Make Good Art.

-Neil Gaiman

Sunday, April 2, 2017

Die Young


"Babe?"

"Yeah, what's up?"

I've wandered out into the living room, still mostly asleep. 

"Is your skin peeling off?"

Even mostly asleep, I can hear the slight laugh in his voice. 

"No, I'm okay."

"Are you sure?"

"Pretty sure."

"I just don't want you to die."

"I think I'm okay for tonight."

"Okay, I love you."

"Love you, too."
***

"Do you feel like you were unprepared for marriage?"

The husband has joined me in therapy. Again, I am discomfited by my therapist's questions about our lives together. 

"I don't know." 

She doesn't push. I don't share.
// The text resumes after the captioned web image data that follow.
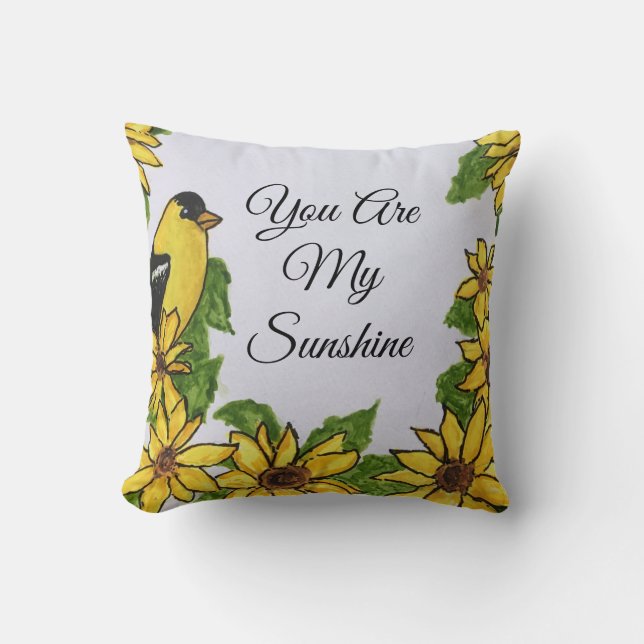 You Are My Sunshine Happy Bird Sunflowers Cushion (Front)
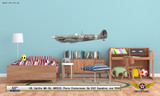  Spitfire Mk IXC "City of Glasgow" Pierre Clostermann - Aircraft Profile Wall Decal on Kids Room Wall Mockup Display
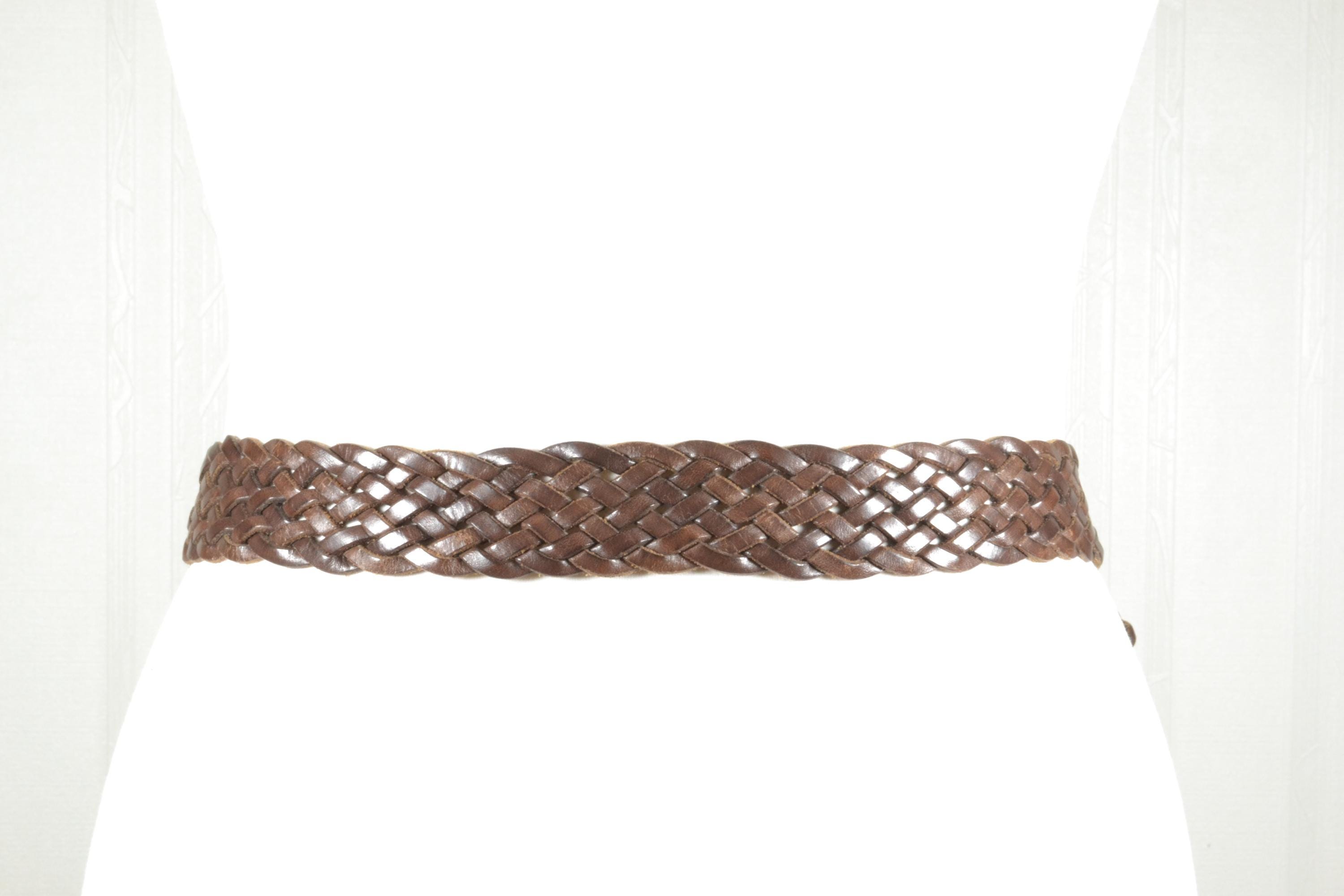 Vintage Brown Woven Leather Belt Talbots Braided Womens Medium Boho‎ Festival Vintage Chocolate Brown Braided Leather Belt: Boho Style  main image 2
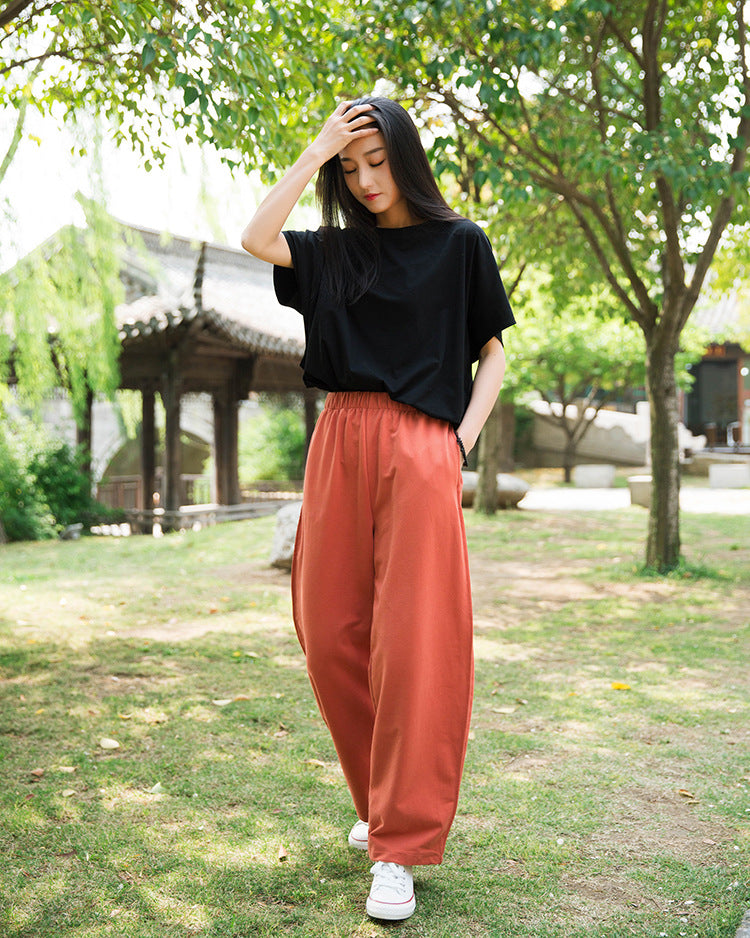 Women Loose Sporty Style Cotton Lantern Pants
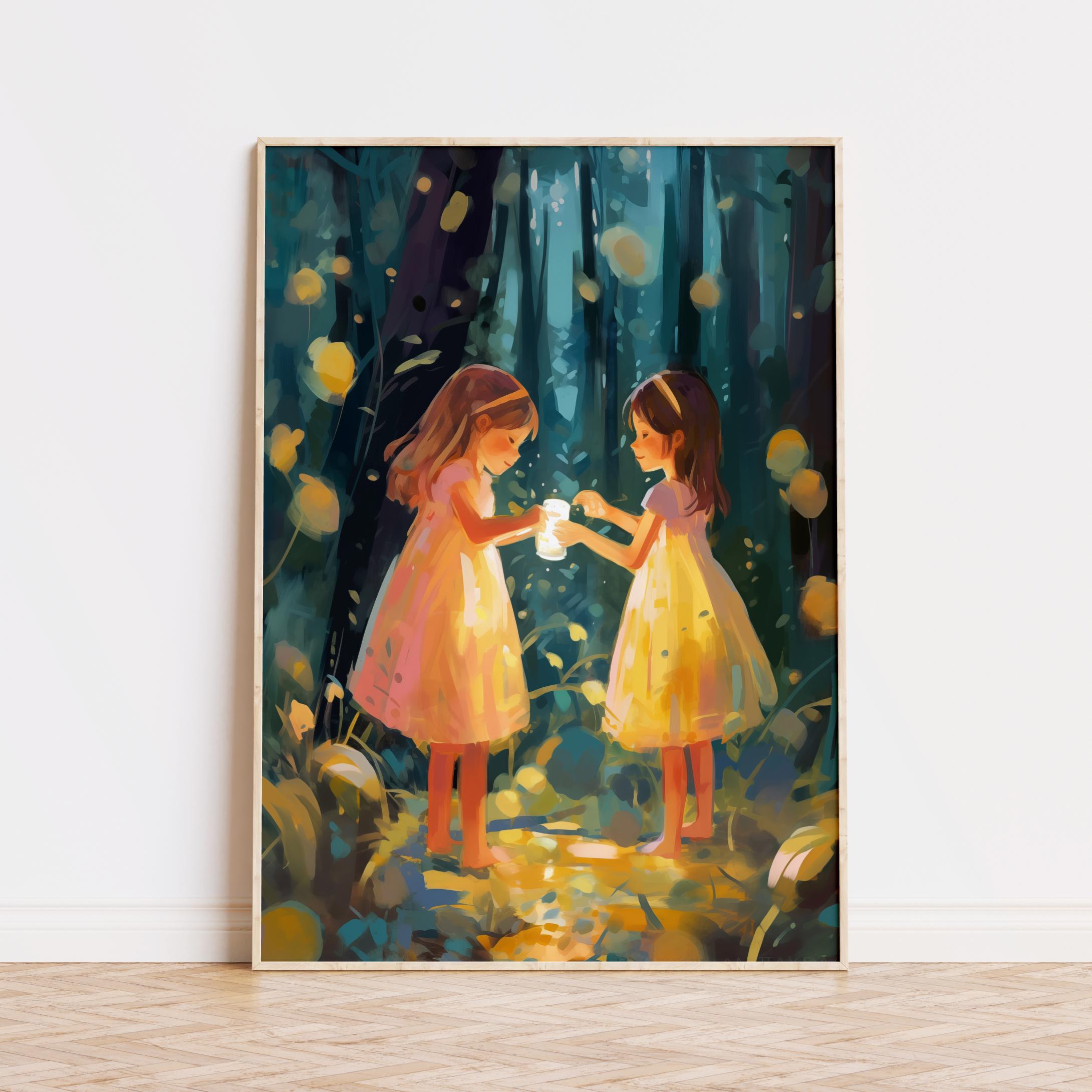 ホタルシスターズプリント：気まぐれな女の子の部屋のための魔法の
The husband only listens. 

Of course I was unprepared for marriage, I think.

"Did it ever occur to you that you wouldn't get married?"

"Of course."

"What was that like?"

I shrug. "It wasn't bad. I would be in my apartment until I decided I wanted to adopt a dog. I'd keep bees. I'd have friends and help them raise their children. I'd have hobbies and work."

"Anything else?"

"No."

"Would it be a lonely life?"

"I never thought it was."
***

I miss being single.

Whenever I bring this up in front of my friends, they are quick to point out "You hated dating" and "Remember that time you didn't sleep because you were afraid your overnight guest was going to kill you?"

Yes, of course I remember. 

The desire to sometimes be single is one of the most surprising things about being married. There are days when I miss my old Saint Paul apartment with its high ceilings and wood floors. I miss having brussels sprouts or kale salad for dinner. I miss having music on every hour I was awake. I miss being forty pounds lighter. I miss being able to pee with the door open. 

I miss being single. 

***

"Hey."

"Hey."

"This is going to sound really high school, but can I play a song and have you listen to it?"

"Sure, what song is it?"

"Die Young, by Sylvan Esso."

He stops puttering on his laptop at the chorus. 

I was gonna die young.
Now I gotta wait for you, hon.
I had it all planned out before you met me. 
I had a plan, you ruined it completely. 

After listening he asks "Kel, what was your plan for your life if you hadn't met me? Nothing quite so morose as this?"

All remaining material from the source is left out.